Grüber ha traído al, festival un espectáculo insoportable, de lentísima belleza. En el camino real es la segunda pieza de Chéjov para el teatro (1883): es un acto corto, cuya representación normal puede durar media hora. Grüber multiplica por cuatro el tiempo, sin añadir palabras y haciendo desaparecer muchas veces la acción señalada en las acotaciones. A veces recuerda el teatro del silencio, o de lo inexpresado (París, años 20: Vildrac, Jean-Jacques Bernard, Lenormand).Privado del color -todo es blanco, salvo algunas manchas significativas, quizá simbólicas-, casi de la palabra, del movimiento, de la luz -es uniforme todo el espectáculo-, parece un ejercicio de puritanismo en el que el director llevase al extremo la renuncia a la teatralidad. Una irritación sorda gana al espectador, que termina creyéndose la víctima de un sádico predicador de la austeridad.

En el camino real

Autor: Antón Chéjov. Intérpretes: compañía de la Schaubühne de la Lehyniner Platz, Berlín. Escenografía de Gilles Allaud. Vestuario de Dagmar Niefind. Dirección: Klaus Michael Grüber. V Festival de Teatro. Sala Mirador. Madrid, 21 de marzo de 1985.

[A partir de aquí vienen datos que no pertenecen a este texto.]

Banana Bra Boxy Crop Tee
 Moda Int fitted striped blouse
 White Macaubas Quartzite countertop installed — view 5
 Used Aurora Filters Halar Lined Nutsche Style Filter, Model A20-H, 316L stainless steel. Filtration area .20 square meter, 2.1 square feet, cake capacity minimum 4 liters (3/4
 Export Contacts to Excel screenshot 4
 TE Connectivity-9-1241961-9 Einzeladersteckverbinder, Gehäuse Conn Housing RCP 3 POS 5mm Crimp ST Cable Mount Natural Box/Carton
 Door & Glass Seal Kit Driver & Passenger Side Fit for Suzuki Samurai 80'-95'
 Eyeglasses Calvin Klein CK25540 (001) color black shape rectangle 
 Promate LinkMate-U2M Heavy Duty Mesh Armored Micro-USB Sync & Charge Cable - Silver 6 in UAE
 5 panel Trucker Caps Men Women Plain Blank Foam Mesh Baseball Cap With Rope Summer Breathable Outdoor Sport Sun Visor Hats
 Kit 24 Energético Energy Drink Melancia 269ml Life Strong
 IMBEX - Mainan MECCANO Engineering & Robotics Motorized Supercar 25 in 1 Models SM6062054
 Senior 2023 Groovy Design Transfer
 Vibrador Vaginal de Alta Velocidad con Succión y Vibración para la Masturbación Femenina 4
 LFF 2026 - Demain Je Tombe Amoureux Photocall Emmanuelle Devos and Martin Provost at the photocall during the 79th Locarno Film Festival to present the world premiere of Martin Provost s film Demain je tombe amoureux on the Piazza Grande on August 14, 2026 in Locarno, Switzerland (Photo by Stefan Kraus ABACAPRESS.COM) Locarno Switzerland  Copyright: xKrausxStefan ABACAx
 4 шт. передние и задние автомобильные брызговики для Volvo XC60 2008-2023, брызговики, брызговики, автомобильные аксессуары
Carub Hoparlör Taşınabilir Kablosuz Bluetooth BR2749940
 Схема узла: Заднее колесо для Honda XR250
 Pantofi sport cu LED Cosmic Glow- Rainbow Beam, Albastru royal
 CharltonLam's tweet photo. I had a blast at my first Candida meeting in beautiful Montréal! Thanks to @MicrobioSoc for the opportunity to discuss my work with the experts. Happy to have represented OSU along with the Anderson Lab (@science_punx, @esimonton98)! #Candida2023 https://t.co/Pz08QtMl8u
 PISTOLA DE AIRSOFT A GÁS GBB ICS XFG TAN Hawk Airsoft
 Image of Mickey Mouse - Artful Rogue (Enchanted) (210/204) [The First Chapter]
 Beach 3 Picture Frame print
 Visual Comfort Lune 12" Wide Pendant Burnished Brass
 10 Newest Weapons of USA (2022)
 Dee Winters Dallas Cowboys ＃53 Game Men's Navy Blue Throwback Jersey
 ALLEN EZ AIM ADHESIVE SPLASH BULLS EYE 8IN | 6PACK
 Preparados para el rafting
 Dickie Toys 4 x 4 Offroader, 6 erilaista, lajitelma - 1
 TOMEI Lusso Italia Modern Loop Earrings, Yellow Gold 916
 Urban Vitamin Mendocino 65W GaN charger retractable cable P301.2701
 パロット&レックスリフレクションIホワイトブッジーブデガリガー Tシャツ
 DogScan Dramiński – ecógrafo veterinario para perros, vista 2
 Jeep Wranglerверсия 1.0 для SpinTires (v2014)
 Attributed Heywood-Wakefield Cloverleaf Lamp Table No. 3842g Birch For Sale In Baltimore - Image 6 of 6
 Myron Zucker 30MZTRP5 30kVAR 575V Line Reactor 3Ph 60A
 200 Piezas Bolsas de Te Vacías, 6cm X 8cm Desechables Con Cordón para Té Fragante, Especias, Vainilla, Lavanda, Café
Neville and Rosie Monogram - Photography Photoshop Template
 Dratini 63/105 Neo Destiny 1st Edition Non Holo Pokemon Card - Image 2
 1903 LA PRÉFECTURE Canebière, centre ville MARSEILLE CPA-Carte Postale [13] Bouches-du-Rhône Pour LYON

En el camino real se desarrolla en una taberna de paso, sórdida, donde encuentran amparo de la tormenta mendigos, moribundos, ancianos. Engualdrapados uniformemente de harapos blancos, parece que Grüber los da ya por almas muertas. Excedentes de la sociedad zarista, quizá lo que después se llamaría lumpen proletariat, consumidos por el alcohol, el hambre y la religión.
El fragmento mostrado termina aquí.